Waiting in Gaza, still hoping for permits

JERUSALEM — Since the announcement of the pope’s pilgrimage was made, local church organizers have said they would request some 250 travel permits from the Israel Civil Administration for Gaza Christians to participate in the Bethlehem Mass May 13.

The pope can’t come to Gaza, they said, so they would bring Gaza to the pope.


A member of the Missionaries of Charity prays with others at Holy Family Church in Gaza City on Easter. (CNS/Reuters)

But two days before the Mass, the new parish priest in Gaza, Father Jorge Hernandez, is frustrated and says he and two Missionaries of Charity may be the only Christians from Gaza who will be at the Mass.

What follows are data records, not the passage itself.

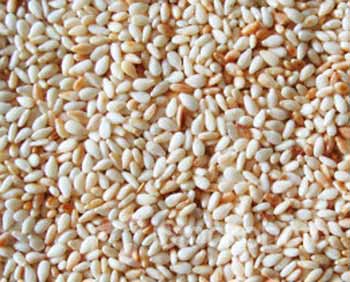 Sesame Oil Seeds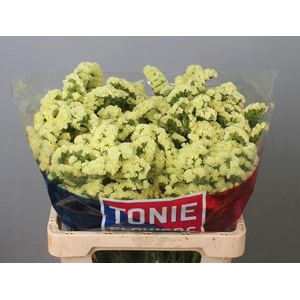 LIM S YELLO SUN BIRD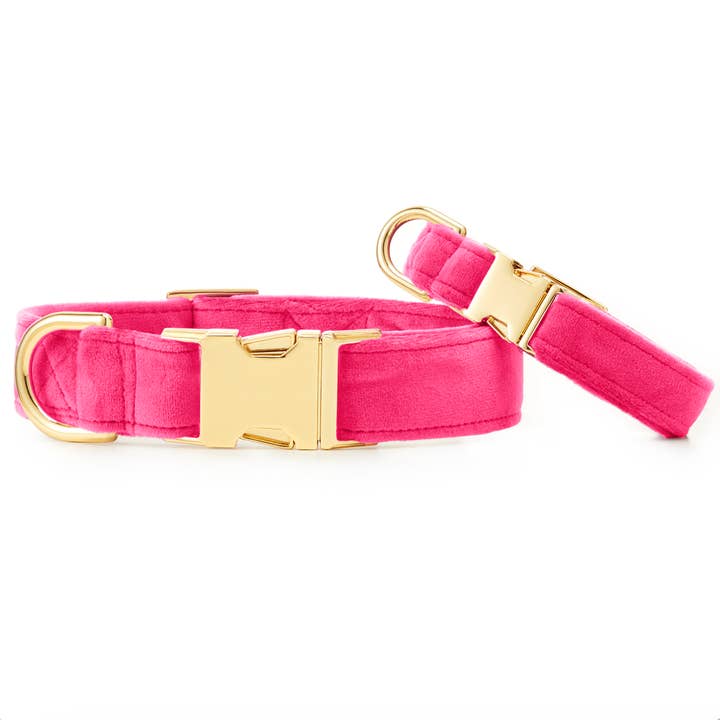 The Foggy Dog - Wholesale Pet Collar - Dog - Hot Pink Velvet Dog Collar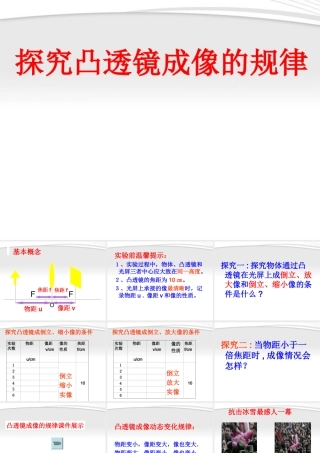 八年级物理上册 3.3探究凸透镜成像的规律课件 人教新课标版 课件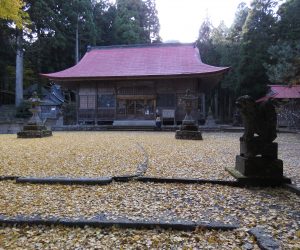 11/12　茅部神社 銀杏の落ち葉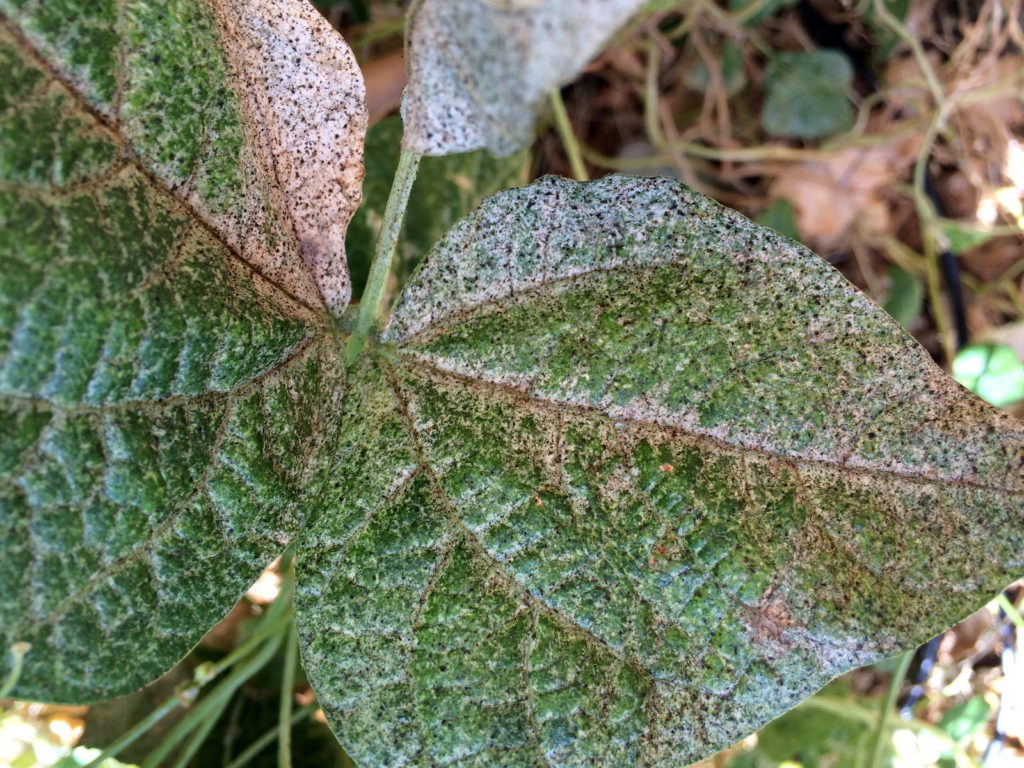 gelben silbrig-grauen Sprenkelungen an Blatt thrips symptom
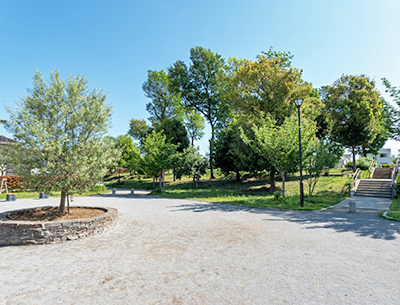 坂田谷津遺跡公園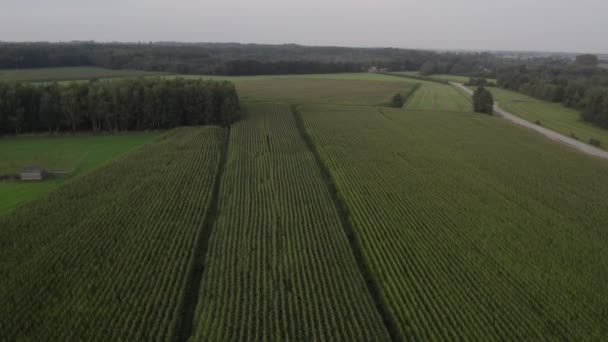 Drone aéreo de baja altitud disparado sobre campo de maíz verde que muestra grandes hojas de maíz se ha convertido en alimento básico en muchas partes del mundo con una producción total superior a la de trigo o arroz de alta calidad 4k — Vídeos de Stock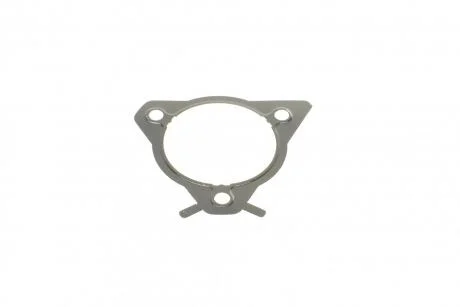 Прокладка насоса топливного Ford Connect 1.8Di/TDCI 02- DP Group ES 21417 ARI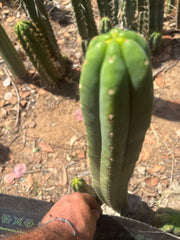 👑🌶️🌶️ Ogun — 14” Tip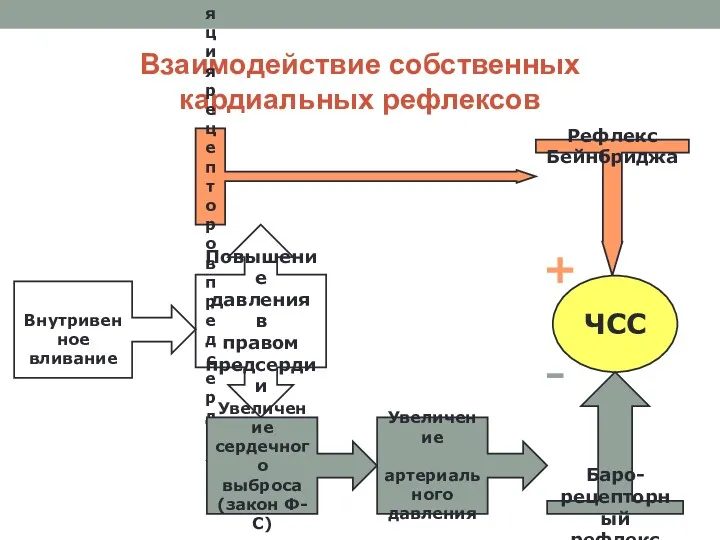 Взаимодействие собственных кардиальных рефлексов Повышение давления в правом предсердии Внутривенное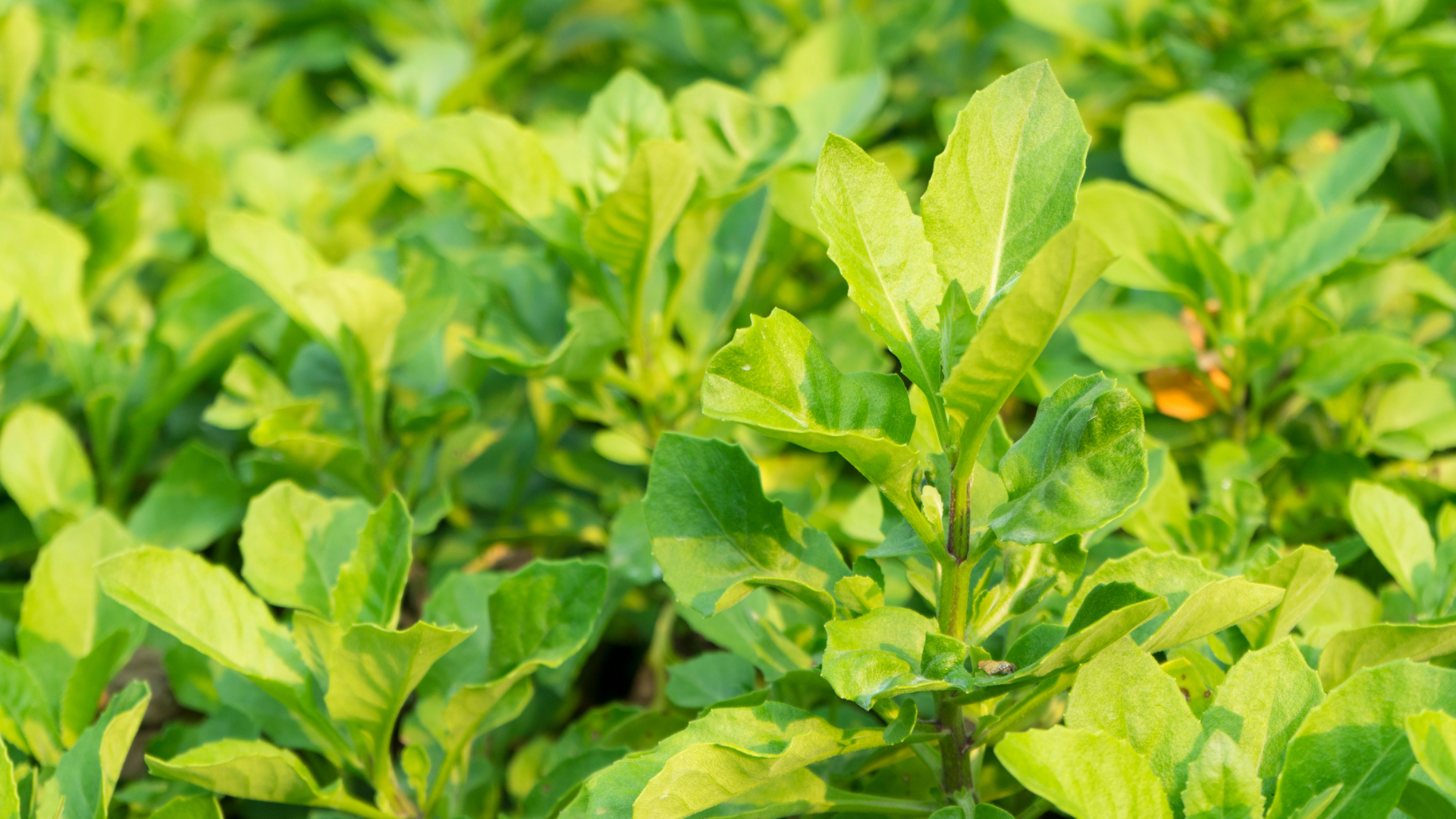 Rau bầu đất thường được dùng trong các món ăn thanh mát, giúp cơ thể dễ chịu hơn trong thời tiết nóng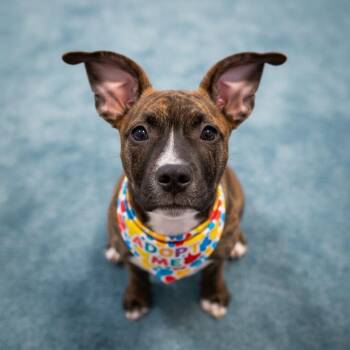 Boxer and Pit Bull Terrier Dogs Available for Adoption in Redondo Beach, California - Yogi-ADOPT Me! | PetCurious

“What is for certain is that I should have known something about the permits by now and I don’t know anything,” Father Hernandez told me this morning after he had passed through the Erez Checkpoint. “I have left Gaza and I still don’t know.”

He and the two nuns have foreign passports and so can leave Gaza without a permit.

Now the rumors are sprouting, as they inevitably do when people are frustrated; as he was making his way to Jerusalem, Father Hernandez said he received a phone call from Gaza saying that 100 permits have been issued — but only to the Greek Orthodox community.

More officially, an exhausted-sounding local church spokesman for the papal visit confirmed that 100 permits were approved, but he did not know the denominational breakdown of those who received one. And, he said, they are still hoping that more will be issued.

Still, said Father Hernandez, in order to reach Bethlehem for the Mass, people need to leave Gaza at the latest by tomorrow.

“It is ridiculous,” he said.

“Maybe tomorrow we will get an answer. As soon as I get to Jerusalem (later today) I will start contacting some people.”